I Waited 14 Years to Find a Parking Spot

Katie Avatar

It’s been 14 years since I was injured and ill, but as I’m now awaiting my delivery date for my new powerchair next month (!) I am just now applying for a disabled parking placard. 

Getting the placard was something I’ve kept putting off and pushing to the back of my to-do list…for years. I’d have friends and family ask “Why don’t you have a parking placard? You NEED a parking placard!” And I would just respond with a meek “Yeaaaa….I know.”

Why was I stalling on getting this assistance? It was just a little piece of plastic, but it represented so much more. Why didn’t it seem like help to me at all, rather, something scary and anxiety-inducing?

There were a lot of reasons why I kept putting it off. One was certainly my pride, especially when I was in college. I worked hard enough to feel confident hobbling around my university campus with a cane and a rolling book bag, then there was the huge TLSO back brace. Why call more negative attention to myself with a special parking spot?

Another reason was practical, it was that I wasn’t always disabled by my conditions. After my fusion at 23, I had a few spectacular years with minimal pain, lots of energy and strength. I still dealt with symptoms but I didn’t feel disabled at all, so I didn’t feel like a disabled parking placard was needed. I loved to walk, it was how I recovered from surgeries and it made me feel strong. The more the better! It was good for me to walk.

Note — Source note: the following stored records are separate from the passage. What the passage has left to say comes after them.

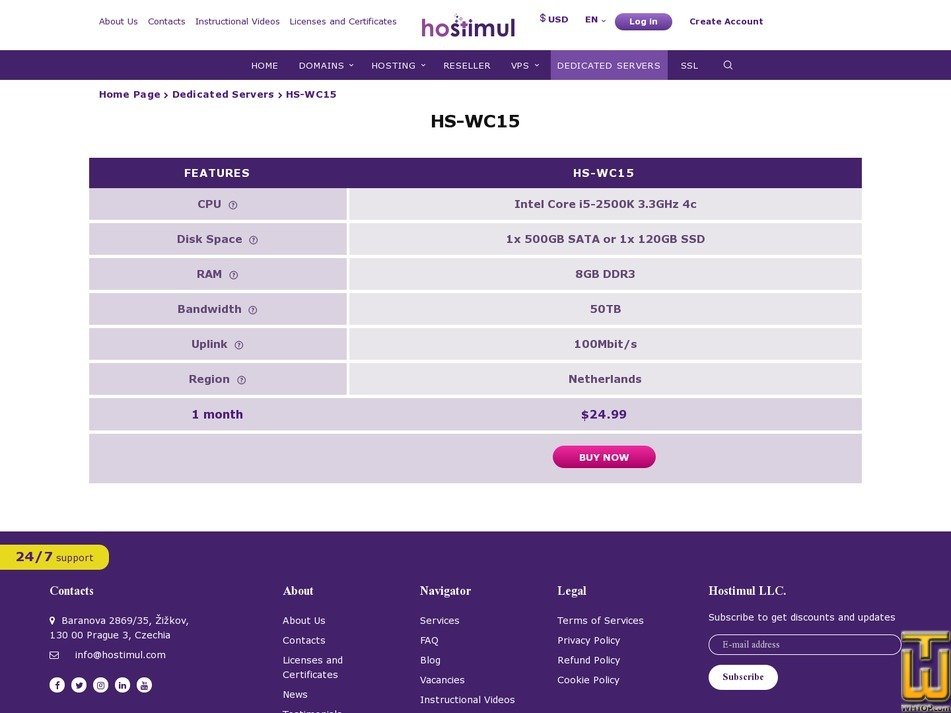 screenshot of HS-WC15 from hostimul.com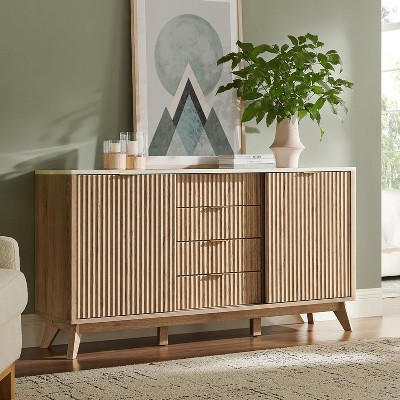 SinCiDo 60" Modern Fluted Dresser w/Sliding Doors & 4 Drawers, Faux Marble Top, Curved Profile Design for Bedroom, Living Room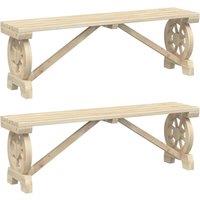 Berkfield Home Garden Benches 2 pcs Solid Wood Fir in Light Tan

Then my health started flaring up again in 2013, and the thought of getting a disabled parking placard entered my mind more seriously. However I still always felt this reluctance to do it. What if they wouldn’t give it to me? What if they said I was too young? Would I be viewed as lazy? What if I wasn’t disabled enough?

A few weeks ago I realized with the powerchair coming I didn’t have a choice any longer, so I printed off the placard paperwork and took it to my internist. She promptly filled it out during my visit, it was painless. She also gave me a prescription for a placard too just in case I needed the documentation. As I pulled away from the DMV a few days later, I thought to myself, “That wasn’t so bad. Why was I so anxious about this?”

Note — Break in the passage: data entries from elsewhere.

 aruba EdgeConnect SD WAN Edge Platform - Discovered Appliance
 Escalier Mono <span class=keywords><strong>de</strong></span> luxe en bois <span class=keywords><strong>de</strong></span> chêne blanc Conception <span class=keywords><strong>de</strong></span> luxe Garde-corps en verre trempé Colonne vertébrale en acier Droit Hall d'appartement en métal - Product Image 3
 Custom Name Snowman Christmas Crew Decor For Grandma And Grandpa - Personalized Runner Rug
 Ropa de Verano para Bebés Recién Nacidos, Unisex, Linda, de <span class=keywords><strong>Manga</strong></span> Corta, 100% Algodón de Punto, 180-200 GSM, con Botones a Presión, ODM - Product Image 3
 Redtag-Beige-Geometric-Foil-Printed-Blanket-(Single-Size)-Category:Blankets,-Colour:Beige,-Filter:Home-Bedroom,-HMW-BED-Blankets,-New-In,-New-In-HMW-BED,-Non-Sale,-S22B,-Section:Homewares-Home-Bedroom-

I had to take a hard look and remind myself that there was a time I wasn’t comfortable calling myself disabled despite being so. There was a time that the judgment from others, their harsh looks and pitiful statements were too much for me to bear internally despite the rock hard armor I’d wear out into the world every day. I couldn’t even talk openly about my disabilities, how could I possibly ask for help?

I had to remind myself that there was a time that I felt it was easier for me to limp along than to feel humiliated by a world that looked down on me for something I couldn’t control. And for me, that parking placard represented that “othering” that I didn’t want to feel. But as it does, life forced me to open that door and face that fear head-on.

I’m not perfect, not by a long shot. I can strut with my mobility aids, big bright hair, and colorful clothes, but I too am human underneath it all. I would be lying if I didn’t admit that I often fall into the dark gap that seems to exist between disabled people and the rest of the world. The place where misunderstandings, judgments, ignorance and harsh words strangle any common decency that tumbles into it.

But I’m tired of falling into the gap and the gut-dropping, joint jarring, heartbreaking hurt of it all. I want to build a bridge instead. A fully accessible one!

This process has made me look at my fear in the face and embrace it, and I have remembered that my light is my own, and with all its flaws and beauty, it shines like no one else’s. Only I can keep it going and staying true to myself is the best way to keep it burning no matter what. 

I know there are other little girls out there, teenagers and young women like myself who are gritting their teeth and making hard choices on a daily basis that most people can’t fathom having to deal with. We face embarrassing situations, procedures, questions, interrogations from strangers and have our medical history demanded of us by random unqualified busybodies. We’re doing the best we can to bridge the gap of understanding in a world that doesn’t always understand us.

My takeaway from all of this is to give myself and others the compassion I would want to receive from a stranger. If I want to lead by example then being kind to myself and getting that damn placard was a good first step.

There are enough judgmental people out there giving themselves heartburn with their scalding assumptions and gaslighting-infused stress pains. Let’s make a better effort to understand one another and appreciate our differences instead. We all have our worries, challenges, heartaches, and hunger. We don’t know what each other is going through, but we all know everyone is going through something – that’s how life works. A kind smile costs literally nothing, why not share that instead of criticism? I know I want a life filled with love, understanding, and compassion, so I’m parking it right here.